■ Exercise inputs ■

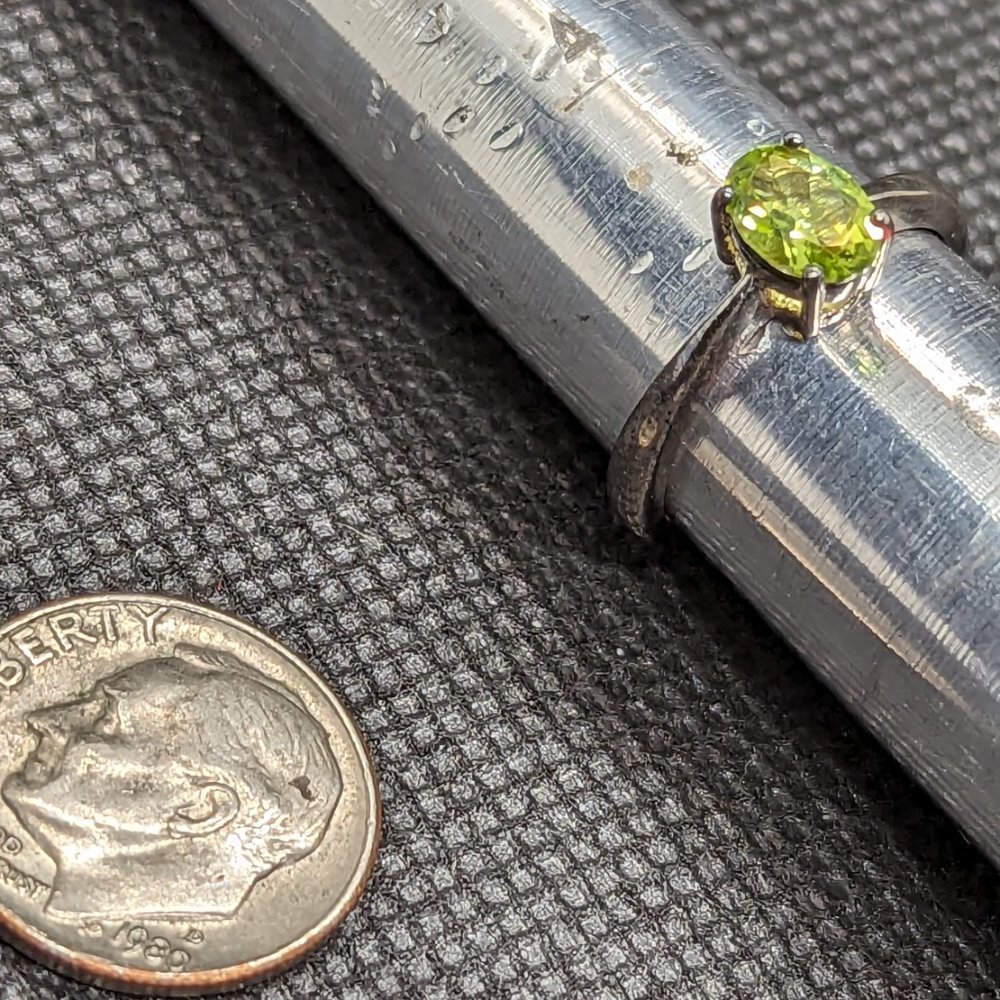 Peridot Solitaire - Picture 2 of 3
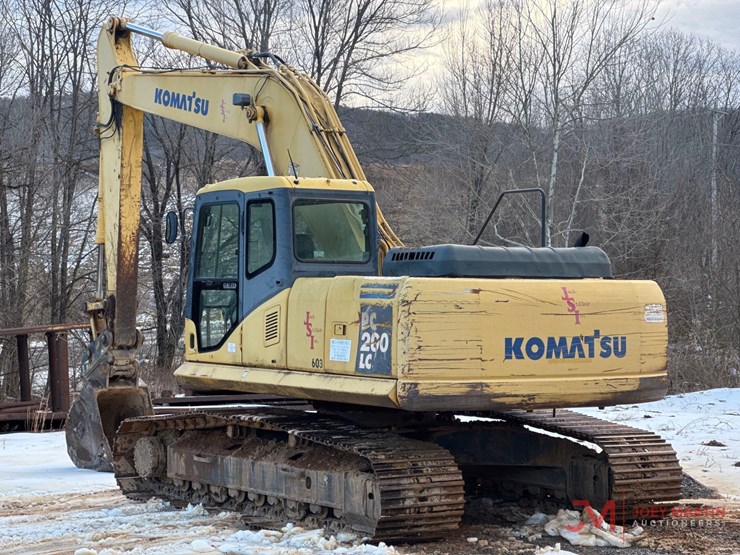 komatsu-pc200-lc-7l-image-1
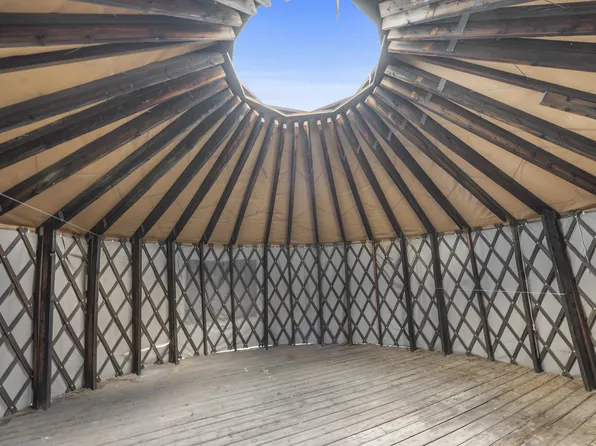 61 Pine Haven Rd, Tijeras, NM 87059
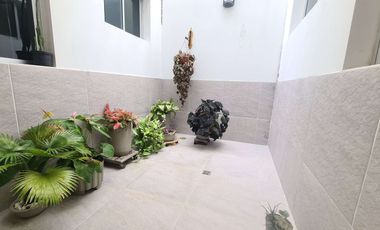 COD. 336 - SE VENDE CASA - BARRIO: VENECIA II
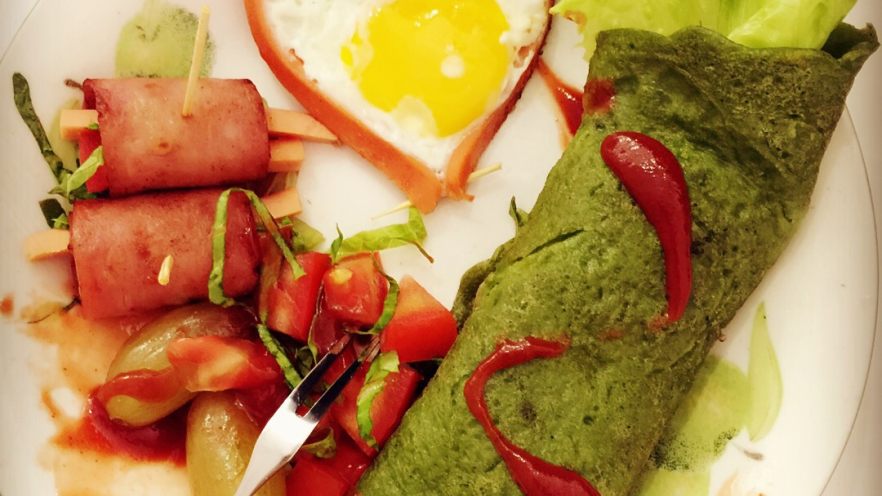 #高颜值早餐# 爱心抹茶培根卷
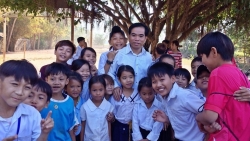 Учитель  распространяет вьетнамский язык в Камбодже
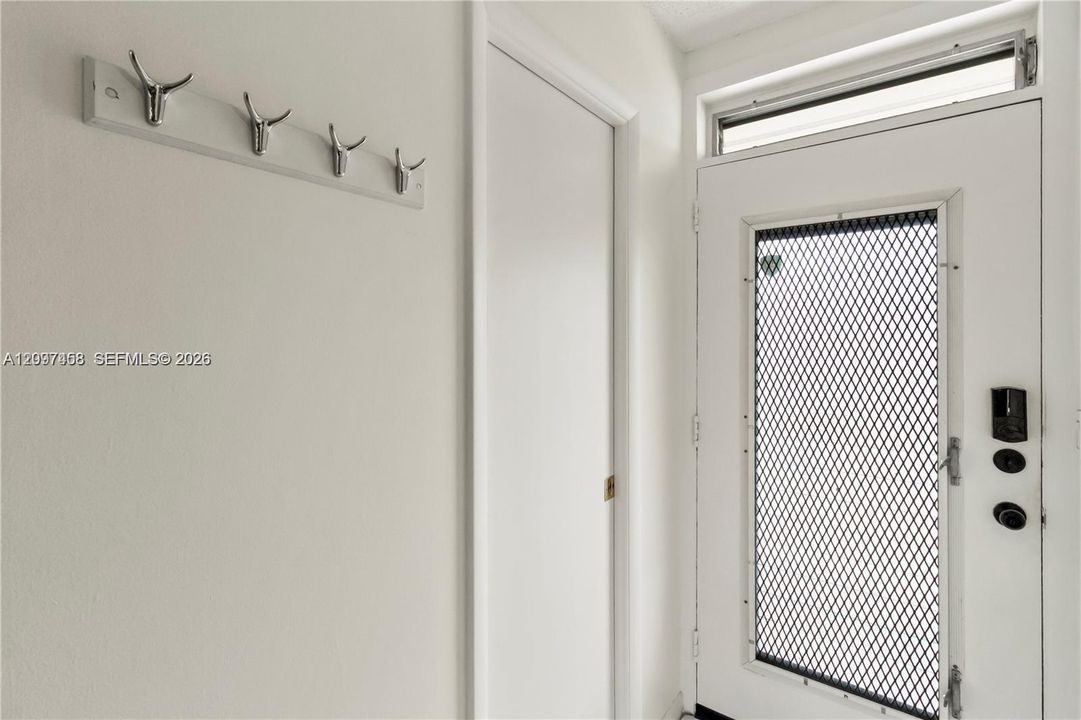 For Sale: $114,900 (1 beds, 1 baths, 768 Square Feet)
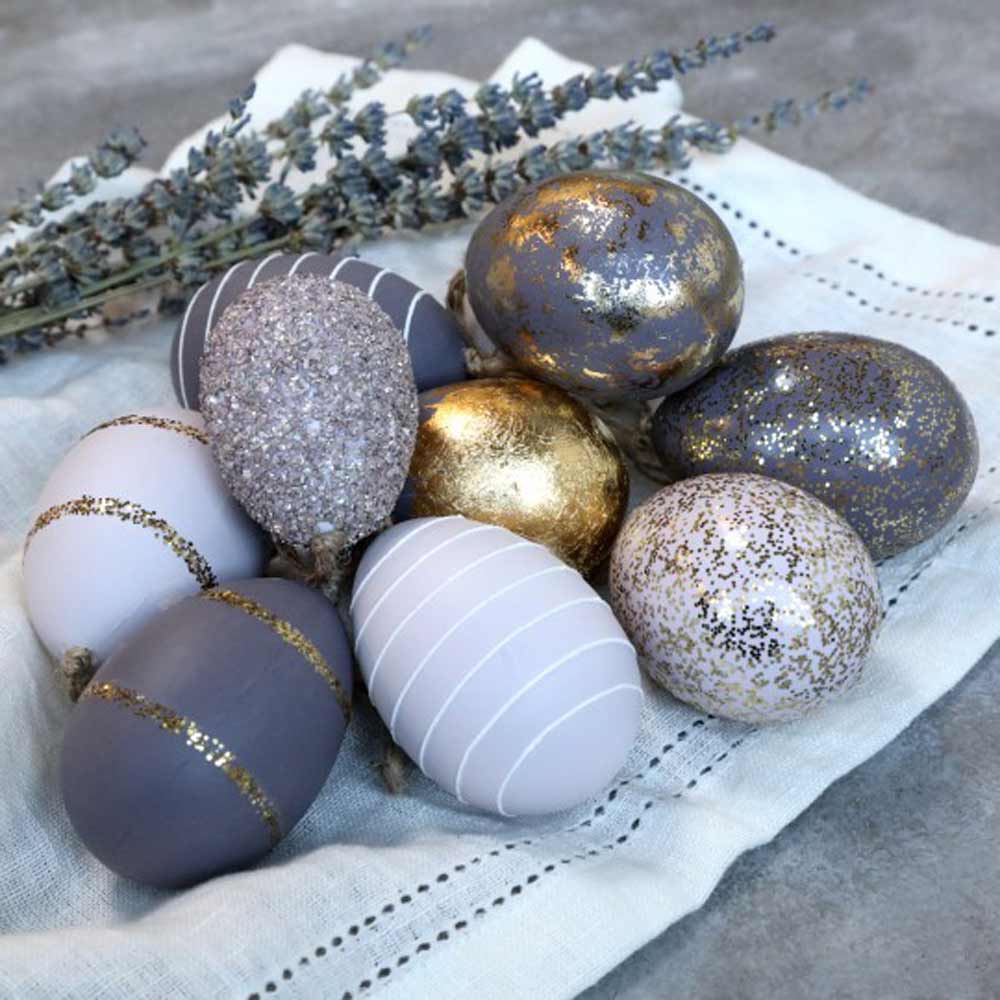 Chic Antique - Osterei lila mit Gold Glimmer Streifen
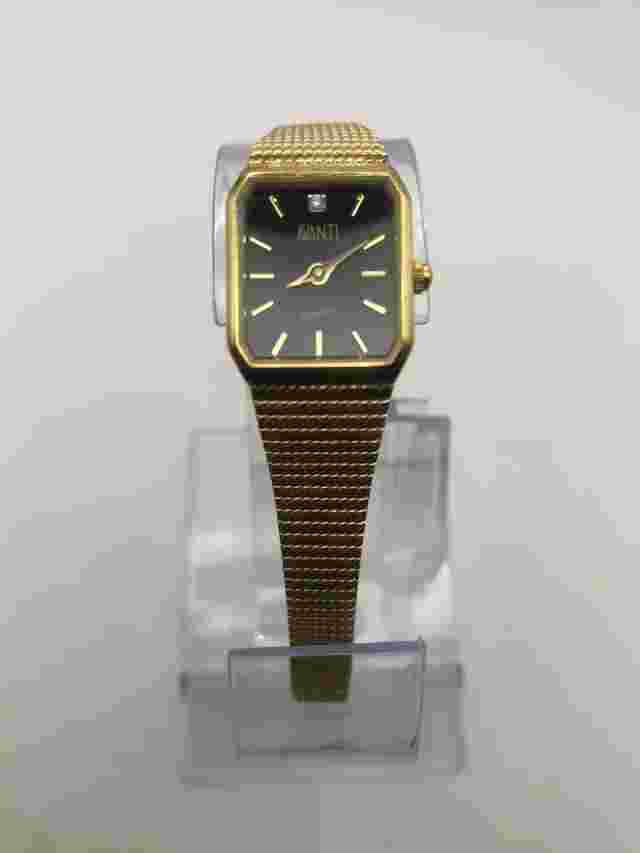Avanti Women’s Watch Gold Band with Black Face Needs Battery Beautiful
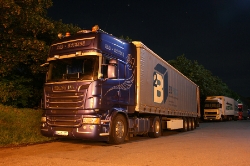 Scania-R-II-560-blau-Bornscheuer-280910-02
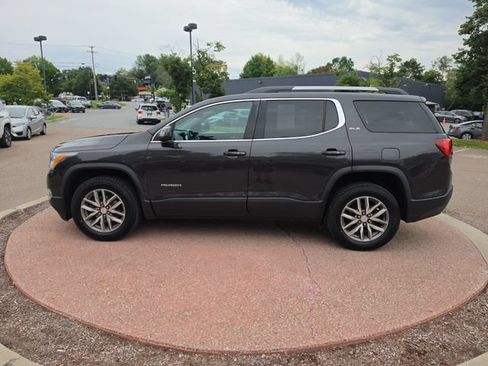 Used 2017 GMC Acadia SLE FWD image 2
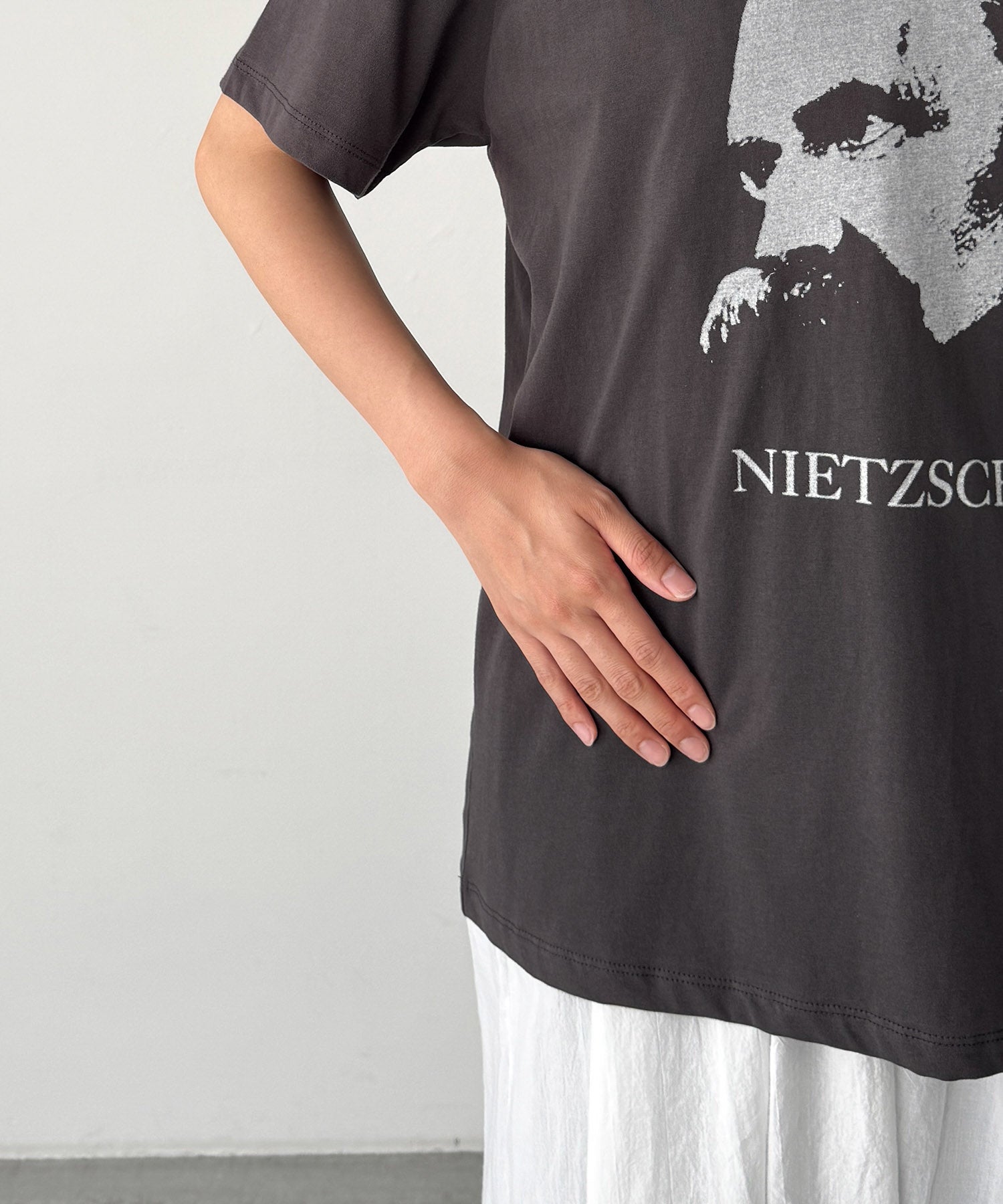 "NIETZSCHE"Tシャツ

■ Activity ■
After removing the pictures, repeat the remaining records exactly.

■ Your response ■
 Peridot Solitaire - Picture 2 of 3
 komatsu-pc200-lc-7l-image-1
 61 Pine Haven Rd, Tijeras, NM 87059
 COD. 336 - SE VENDE CASA - BARRIO: VENECIA II
 #高颜值早餐# 爱心抹茶培根卷
 Учитель  распространяет вьетнамский язык в Камбодже
 For Sale: $114,900 (1 beds, 1 baths, 768 Square Feet)
 Chic Antique - Osterei lila mit Gold Glimmer Streifen
Avanti Women’s Watch Gold Band with Black Face Needs Battery Beautiful
 Scania-R-II-560-blau-Bornscheuer-280910-02
 Used 2017 GMC Acadia SLE FWD image 2
 "NIETZSCHE"Tシャツ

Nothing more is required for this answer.